What to produce =>
Take the lines from the one with "Luxe Metal Art" through the last line of the material below and write them out exactly, without any pictures.
BEGIN Input records
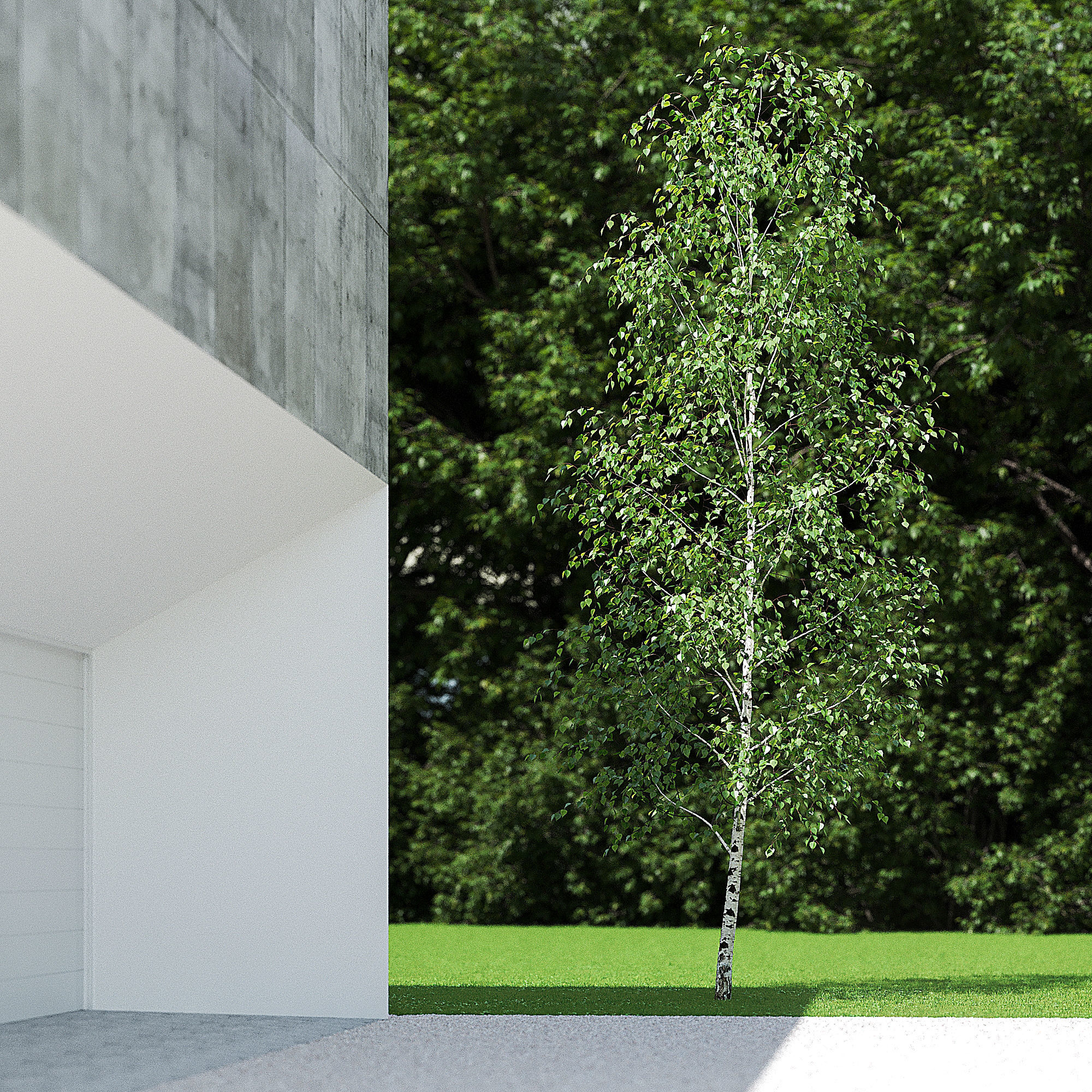 Betula Pendula 001-009 COLLECTION 3D model_10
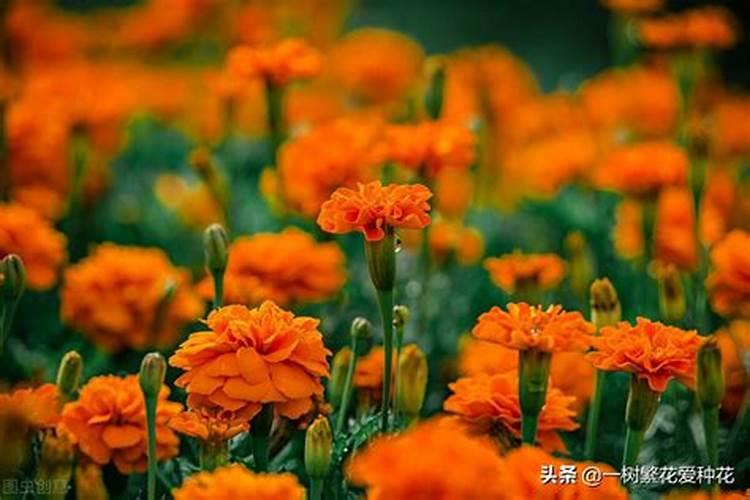 二十四节气对应的花分别是什么？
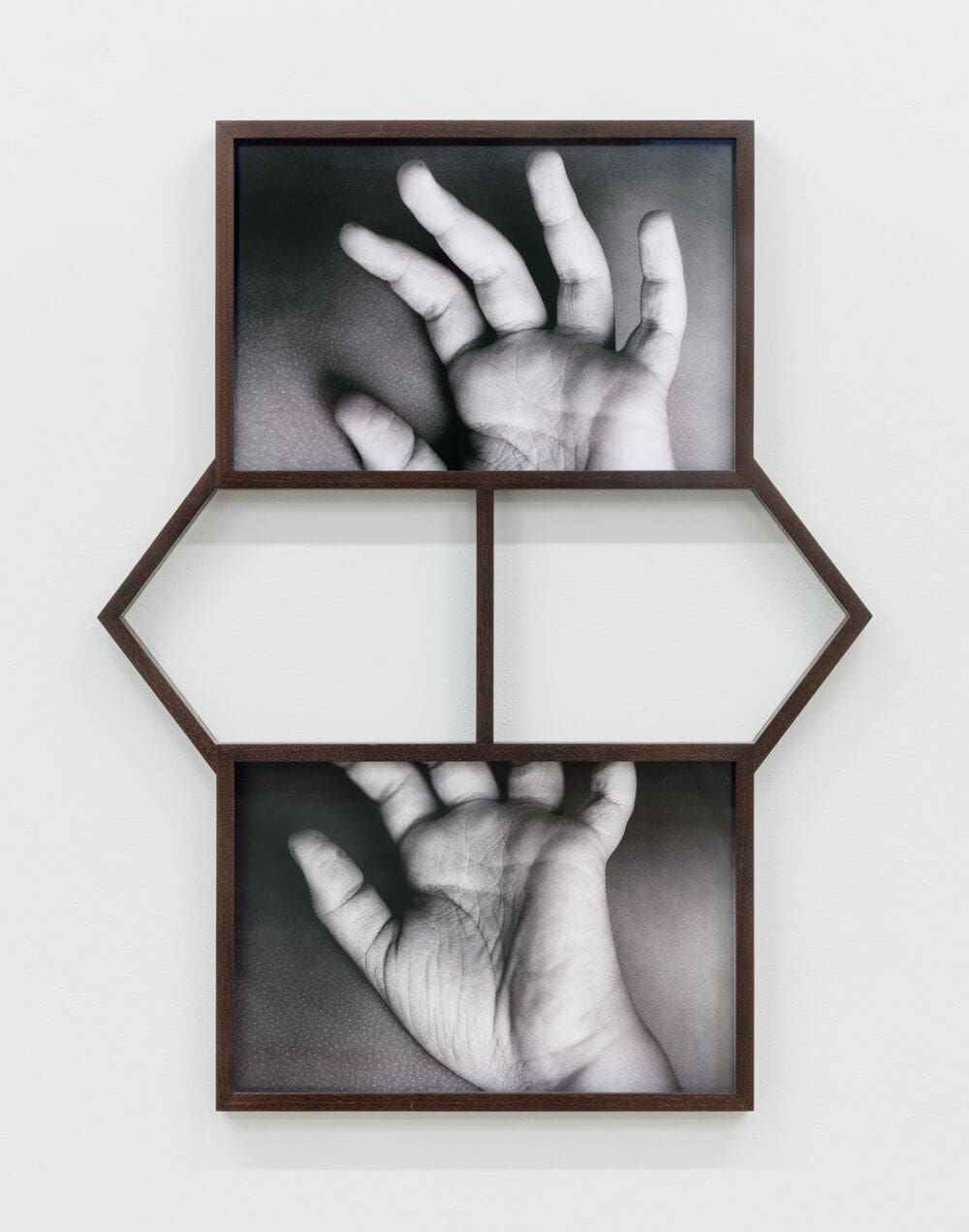 Maria Antelman Life Lines, 2020 Archival pigment prints and artist walnut frame Edition of 3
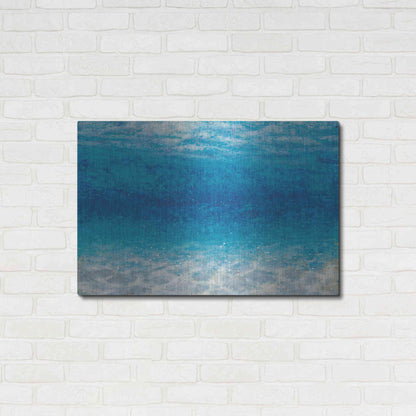 Luxe Metal Art 'Underwater I' by James Wiens, Metal Wall Art,36x24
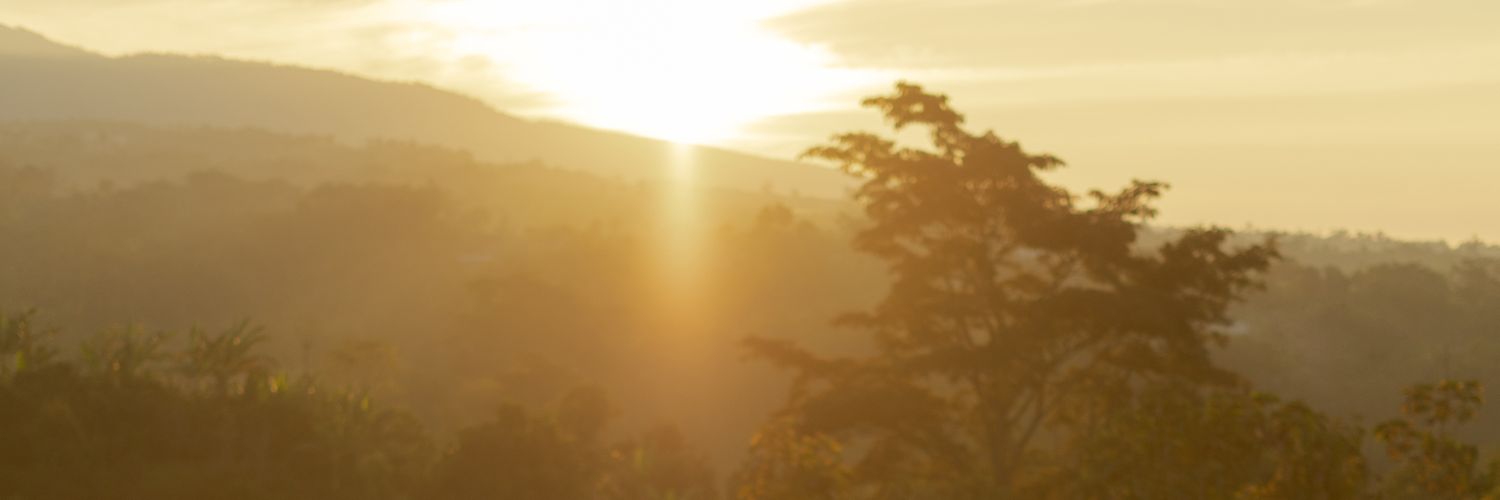 febnadr's profile banner image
END Input records
Solution for this problem =>
 Luxe Metal Art 'Underwater I' by James Wiens, Metal Wall Art,36x24
 febnadr's profile banner image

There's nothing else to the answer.